I showed it off to a lot of co-workers and the consistent response I got was: Wow.  This is the way to read a magazine.

One of the pet peeves I have about most magazines is that they feature a few headline articles to draw you in.  They don’t print the page on which the article is found and they make it damned near impossible to track it down.  What’s great about the digital media is you can tap right on the headline and it takes you straight there.  Ahhhhhh.... That in and of itself is pure magazine heaven.  This issue focuses on the up and coming release of Toy Story 3, so they even included a video of an ‘exclusive’ clip from the movie.  The kids latched onto that pretty quick.

One of my other curiosities included how they did layouts.  Because a device like the iPad puts you in control of orientation, I wondered how well an eZine adapted to a multi-layout possibility.  I was greatly surprised at how well it worked.  In fact, they even exceeded my expectations.  Instead of creating a portrait layout and making you scroll if you take it landscape, they actually do two completely distinct layouts.  The same content is on the page, it’s just arranged in a way that suits the orientation  in which you are viewing it. (Click the images below to get a look).

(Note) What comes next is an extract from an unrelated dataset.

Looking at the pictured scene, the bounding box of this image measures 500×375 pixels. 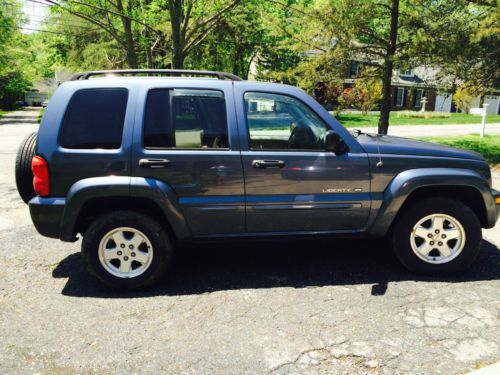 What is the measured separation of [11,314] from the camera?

True to the demo video that WIRED produced with Adobe, some of the ads are somewhat interactive, while others are as static as the printed ones.  What I got a kick out of was the inclusion of ads that knew that you are going to be viewing them on the iPad:

The other killer feature is navigation.  You can consume the media from virtual cover to cover in a normal fashion, or you can use a number of ways to navigate the content.  First, in the conventional manner, you can swipe left to right to consume the media in a linear fashion.  Second, you can ‘scrub’ the pages by tapping on the page and use a slider on the bottom to quickly move between pages:

Next, you can tap a window that will go into a full screen scrub mode to get a bigger view:

Lastly, there is (yet) another mode where it brings up a listing of all the articles that functions as a table of contents:

While the app itself is a joy to consume, I judge there to be a few missing capabilities.  First of all, there is no pinch to zoom.  WIRED is notorious for using smaller typefaces in their publication and their eZine is no exception.  This is a capability that is natural to those using the iPad (or iPhone for that matter) that it is a constant frustration.  I don’t know what is ‘under the hood’ as far as the app is concerned, but something tells me that I am looking at (in some cases) a rasterized image instead of real text.  Very disappointing.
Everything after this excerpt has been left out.